True, it's No. 1 — with an asterisk: Toyota, its chief competitor, endured an earthquake and tsunamis in Japan that played havoc with its supply chain and production schedules, even as it was recovering from its recall problems of 2009-2010. Indeed, Volkswagen, which sold 8,156,000 vehicles last year, passed Toyota for the No. 2 slot.

Still, GM's comeback ranks somewhere between those of Lazarus and the 2011 St. Louis Cardinals. It shows what a smart, engaged national industrial policy can do: Identify industries that are essential to the economy, craft policies to help them, invest strategically in their makeover and then get out of the way.

Back in December 2008, ancient times when Democrats and Republicans sometimes cooperated with each other, President George W. Bush agreed to the industry's plea for bailout help, recommending that the government take $17.4 billion out of the new $700 billion TARP funding and lend it to General Motors and Chrysler.

Two months later, the new president, Barack Obama, took another $7.5 billion out of TARP funds to bail out GM and Chrysler's financial arms.

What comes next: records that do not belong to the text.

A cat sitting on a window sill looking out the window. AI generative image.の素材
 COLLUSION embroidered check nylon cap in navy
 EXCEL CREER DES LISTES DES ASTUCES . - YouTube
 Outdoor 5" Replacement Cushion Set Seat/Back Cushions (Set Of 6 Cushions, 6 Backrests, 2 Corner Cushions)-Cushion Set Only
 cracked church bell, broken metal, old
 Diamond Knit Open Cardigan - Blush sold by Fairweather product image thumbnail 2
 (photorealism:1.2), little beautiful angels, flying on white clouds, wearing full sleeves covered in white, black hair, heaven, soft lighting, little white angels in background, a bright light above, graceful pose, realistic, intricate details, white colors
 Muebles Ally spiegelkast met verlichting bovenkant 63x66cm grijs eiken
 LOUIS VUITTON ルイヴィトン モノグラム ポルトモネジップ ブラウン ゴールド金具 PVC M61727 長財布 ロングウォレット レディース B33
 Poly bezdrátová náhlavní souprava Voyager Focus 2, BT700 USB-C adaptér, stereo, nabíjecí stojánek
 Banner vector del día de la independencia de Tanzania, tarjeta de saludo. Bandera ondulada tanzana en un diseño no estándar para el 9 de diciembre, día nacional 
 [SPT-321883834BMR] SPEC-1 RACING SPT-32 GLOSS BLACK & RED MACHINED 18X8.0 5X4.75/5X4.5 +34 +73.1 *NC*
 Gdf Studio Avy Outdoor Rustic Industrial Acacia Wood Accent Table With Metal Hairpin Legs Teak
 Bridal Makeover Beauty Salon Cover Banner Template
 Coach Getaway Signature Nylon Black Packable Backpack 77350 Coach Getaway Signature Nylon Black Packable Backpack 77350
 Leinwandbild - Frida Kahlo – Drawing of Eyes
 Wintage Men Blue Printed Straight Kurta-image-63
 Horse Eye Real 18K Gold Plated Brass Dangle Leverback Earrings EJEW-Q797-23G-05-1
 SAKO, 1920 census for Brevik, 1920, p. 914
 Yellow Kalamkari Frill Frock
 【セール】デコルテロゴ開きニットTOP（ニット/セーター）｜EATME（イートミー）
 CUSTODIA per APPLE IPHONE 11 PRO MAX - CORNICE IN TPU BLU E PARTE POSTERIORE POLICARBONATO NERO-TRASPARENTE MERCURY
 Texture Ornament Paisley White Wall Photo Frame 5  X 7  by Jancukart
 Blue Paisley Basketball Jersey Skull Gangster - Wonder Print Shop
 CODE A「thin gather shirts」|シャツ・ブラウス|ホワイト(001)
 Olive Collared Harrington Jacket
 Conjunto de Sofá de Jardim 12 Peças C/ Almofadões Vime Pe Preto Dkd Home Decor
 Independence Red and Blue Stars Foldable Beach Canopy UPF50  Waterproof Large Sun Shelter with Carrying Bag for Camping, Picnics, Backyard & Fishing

Obama's "car czar," Steven Rattner, a Wall Street investment banker, rejected GM's reorganization plan and ousted its CEO, Rick Wagoner. He was replaced on an interim basis by Ed Whitacre, who had built Southwestern Bell into the behemoth of the telecom industry.

When GM's creditors refused the government's plan, the government forced it into bankruptcy court.

When GM emerged as a new company, it had shed its Saturn, Hummer and Pontiac lines. The government owned 61 percent of the new company, including successful brands like Cadillac, Chevrolet and GMC.

Faced with GM's possible collapse, the United Auto Workers agreed to concessions and profit-sharing. Plants were closed, and labor costs were cut by two-thirds. In short, the government forced GM to undertake the drastic reorganization it had been unwilling to do itself.

"Government Motors," critics whined. Former Massachusetts Gov. Mitt Romney said GM should have faced the bankruptcy music without government help. Former House Speaker Newt Gingrich called the plan "irresponsible and dangerous."

But GM is profitable again. Under its new CEO, Daniel Akerson, a former private equity executive, the new GM is lean and decisive. Investors still are skittish; the stock is trading more than 25 percent under the initial $33 price at which the new company shares were priced. Taxpayers still own 26 percent of the shares, which might be depressing the price.

Still, even if the government sells at a loss, the cost of the auto bailout is expected to be no more than $14 billion; Chrysler already has repaid $5.9 billion, with interest.

The Congressional Budget Office had predicted the bailout would cost $40 billion. Had GM and Chrysler been allowed to fail, in the first two years alone it would have cost the government $28 billion in lost tax revenue and unemployment payments.

GM won't always be No. 1, but its comeback demonstrates that sometimes the role of government is to save capitalism from capitalists.